October 29th, 2015 8:29 PM

The liberal gay activist group GLAAD’s yearly “Where are We on TV” report for the 2015-2016 TV season was released this past Tuesday, and although the report finds that LGBT characters are up, it also lamented a lack of representation among those living with HIV, and a need for greater racial diversity within the LGBT community.

Ironically, ABC Family was one of the most LGBT-inclusive networks on cable, as well as Showtime; the only three recurring transgender characters on were on these cable channels. Traditional TV outlets had no representation of the LGBT community, although streaming services such as Hulu, Netflix, and Amazon saw four transgender characters, with two being leads on Transparent and Sense8. 

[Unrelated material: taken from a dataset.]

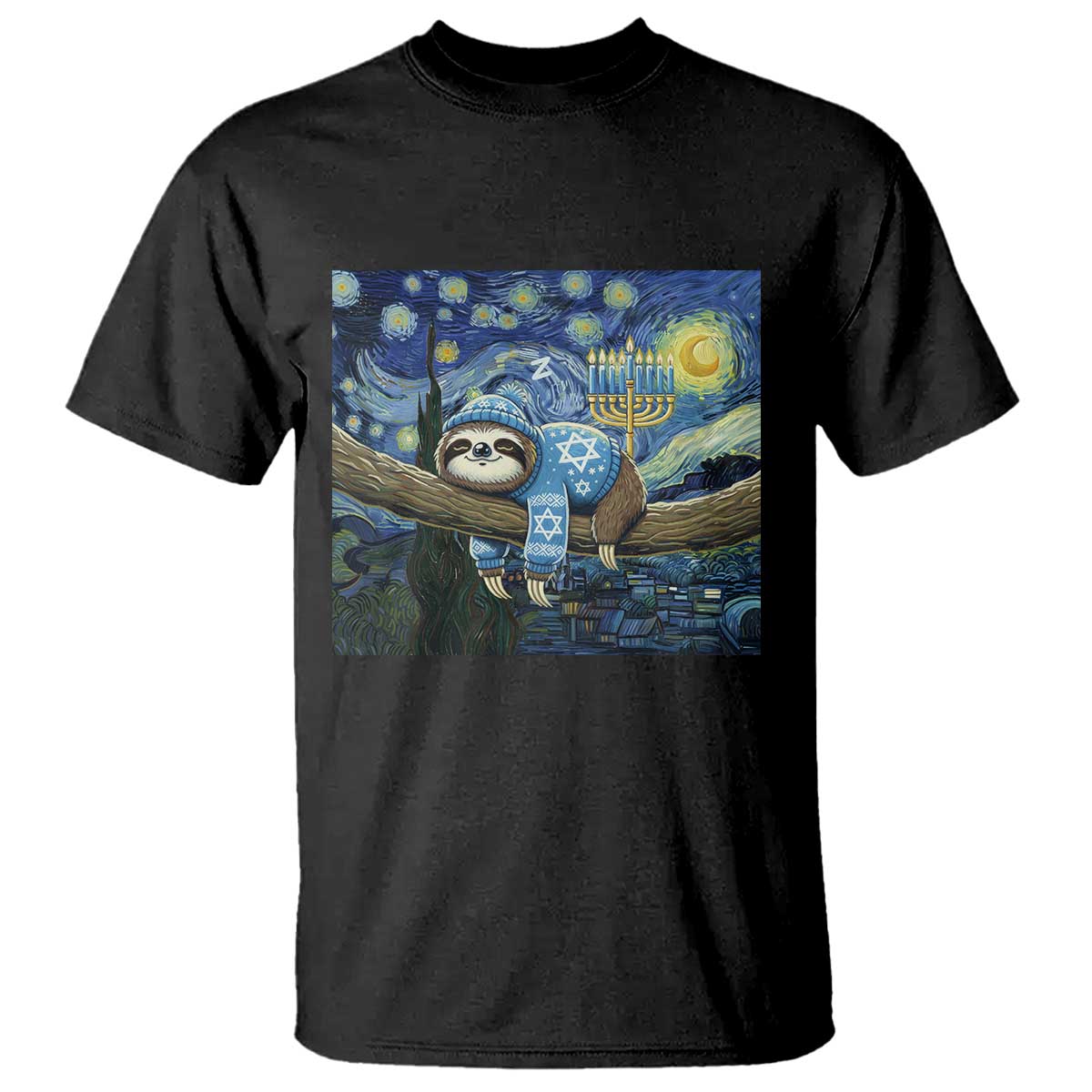 Funny Hanukkah Sloth T Shirt Van Gogh Starry Night Jewish Gift TS12 Black Print Your Wear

Up five percent from last year, 33 percent of characters on broadcast TV were lesbian, while bisexual characters went up from last year’s 20 percent, the report found that bisexual stereotypes still reinforced damaging representations. 

Some more numbers – the number of LGBT characters went from 64 in 2014 to 84 this year, with 58 of those being recurring characters.  Even though there was an increase in black characters, 70 percent were still white. There were 145 regular black characters on TV, with only 59 being women.  Overall, women make up 43 percent of the characters – up three percent since last year.

Sarah Kate Ellis, CEO & president of GLAAD, wants TV to see the “full diversity of the LGBT community,” and says it’s “not enough to just include LGBT characters; those characters need to be portrayed with thought and care to accurately represent an often tokenized community.”

Ellis told Entertainment Weekly, “Each of us lives at the intersection of many identities and it’s important that television characters reflect the full diversity of the LGBT community…” and cites Empire, Transparent, and Orange Is the New Black as successful shows that “can serve as an example to network executives that audiences are looking for stories they haven’t seen before; indeed, there are still plenty of stories about our community yet to be told.”

 But isn’t it “tokenizing” to demand Hollywood scriptwriters and casting directors obey leftist “diversity” requirements to all the better churn out “plenty of stories about” the LGBT community? How, exactly, does this form of affirmative action lead to higher-quality writing, acting, and directing which producers quality TV?